What’s Fueling the Drop, and What’s at Stake
The convergence of forced futures liquidations and rising bond yields is creating a feedback loop:
- Liquidations push prices lower.
- Lower prices trigger more margin calls.
- Higher bond yields pull capital out of crypto.
- Reduced liquidity amplifies volatility.
Traders are watching key technical levels closely. The $75K–$77K range is now a critical support zone. If that breaks, the next liquidation clusters could emerge, potentially dragging Bitcoin further down.
What to Watch Next
If you’re watching support levels, here’s what matters:
- A sustained break below $75K could trigger another wave of long liquidations.
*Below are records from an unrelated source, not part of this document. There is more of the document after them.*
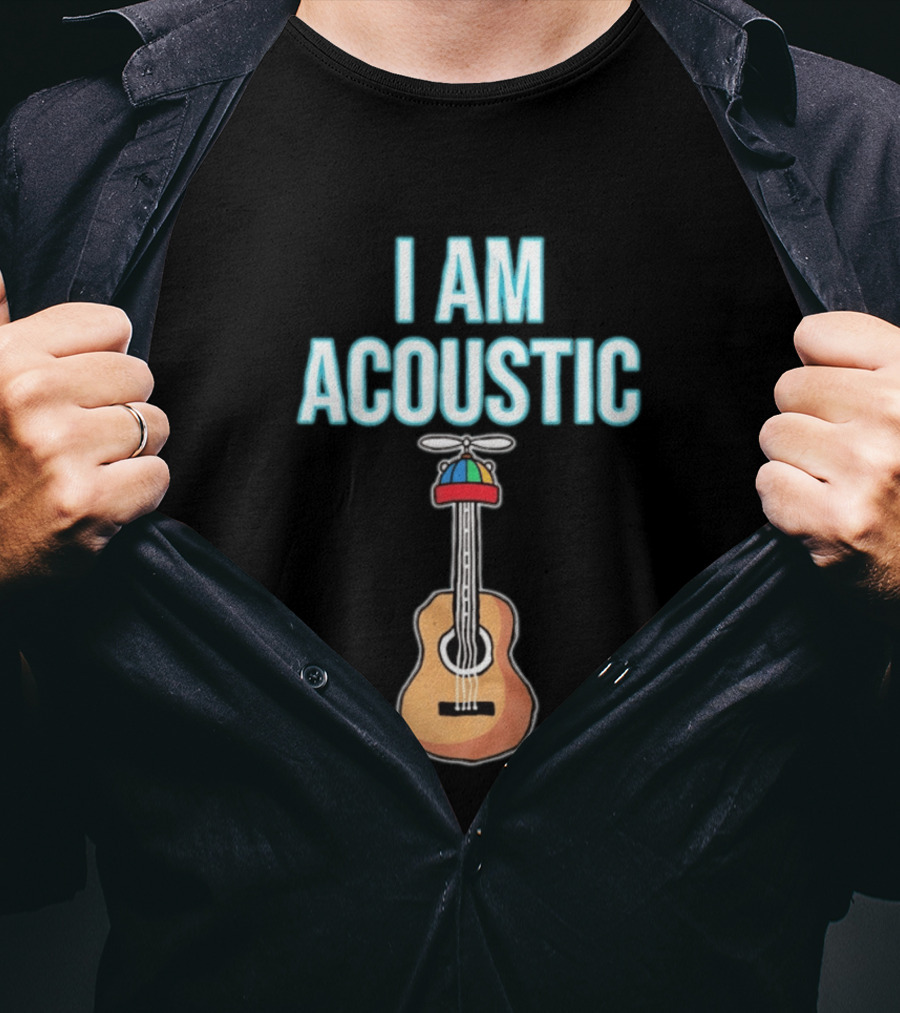 I Am Acoustic Guitar With Beanie Propeller Hat T-Shirt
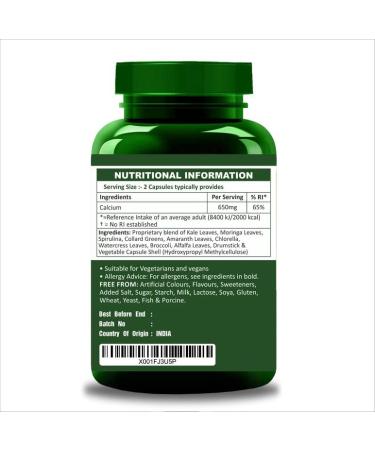 Herbal Magic Pure & Natural Calcium Capsules - 60ct (650mg) with 10 Fruit, Vegetable & Herb Ingredients - No Fillers or Preservatives - Buy Online on GoSupps.com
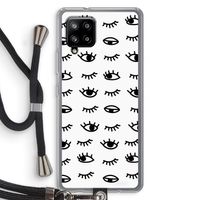 Eye pattern #2: Samsung Galaxy A42 5G Transparant Hoesje met koord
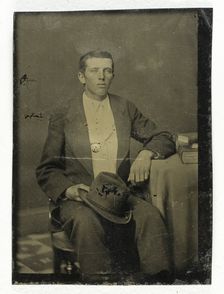 Untitled (Portrait of Seated Man with Hat in Lap), 1850/99. Creator: Unknown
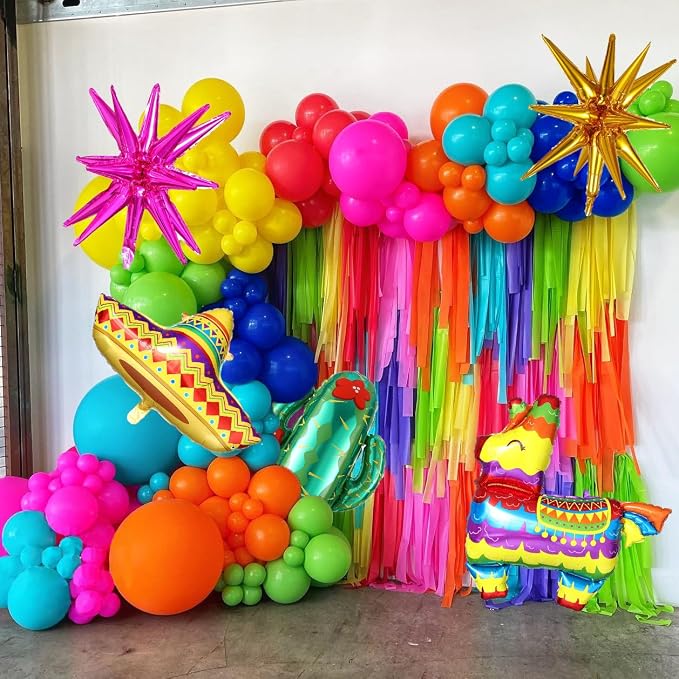 Mexican Fiesta Party Decorations, Cinco De Mayo Rainbow Balloon Arch Kit | - Image 7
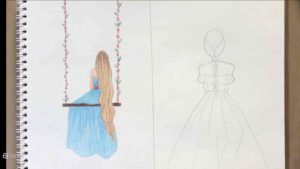 کشیدن موهای نقاشی ساده دخترانه زیبا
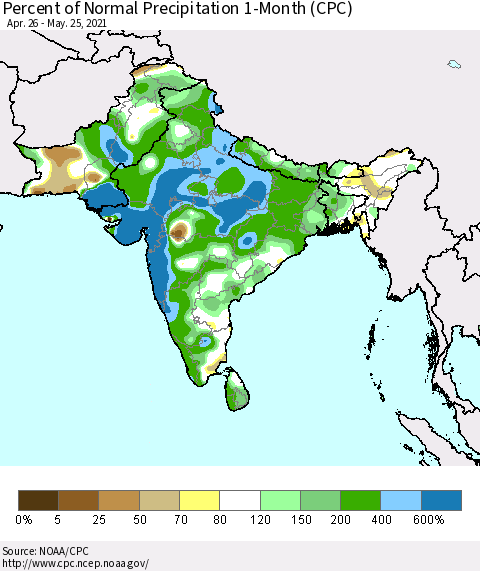Southern Asia Percent of Normal Precipitation 1-Month (CPC) Thematic Map For 4/26/2021 - 5/25/2021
- Watch U.S. and Japanese bond yields—if they continue rising, risk assets may face further headwinds.
- Spot ETF flows could offer a counterbalance. If institutional buyers return, they may help stabilize prices.
Upcoming macro events—like Fed commentary or Japanese rate decisions—could shift sentiment sharply. A dovish surprise might ease bond yields and relieve pressure on crypto. A hawkish tone, however, could deepen the downturn.
Momentum is fragile. Traders should monitor liquidation zones, bond yield trends, and ETF flows for clues on where Bitcoin heads next.